*** Opening of The data ***

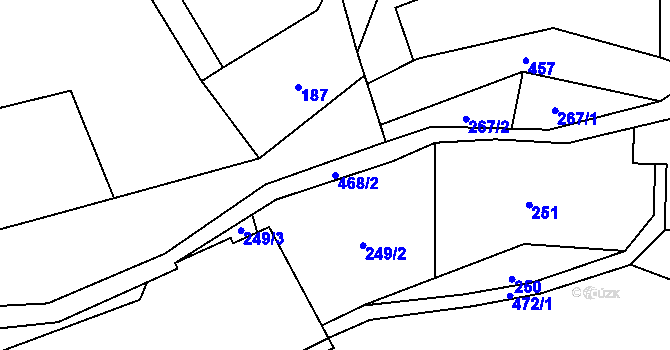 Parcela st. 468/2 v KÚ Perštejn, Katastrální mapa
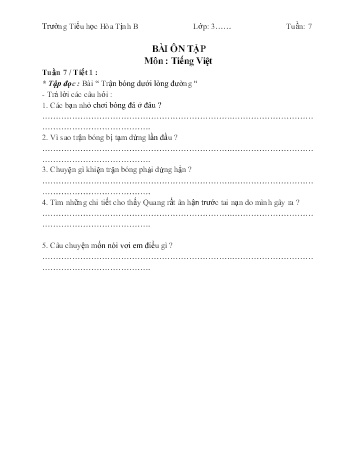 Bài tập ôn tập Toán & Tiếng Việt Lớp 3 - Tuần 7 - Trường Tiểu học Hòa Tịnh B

*** Close of The data ***
*** Opening of The data ***

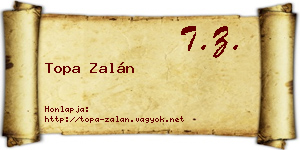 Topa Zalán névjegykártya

*** Close of The data ***

◆ The task ◆
Please repeat, exactly as written, the lines in the records above, starting with the one that has "Parcela st. 468/2" and going on through the one that has "Bài tập ôn tập". Pictures are to be left out.

◆ Result of the exercise ◆
 Parcela st. 468/2 v KÚ Perštejn, Katastrální mapa
 Bài tập ôn tập Toán & Tiếng Việt Lớp 3 - Tuần 7 - Trường Tiểu học Hòa Tịnh B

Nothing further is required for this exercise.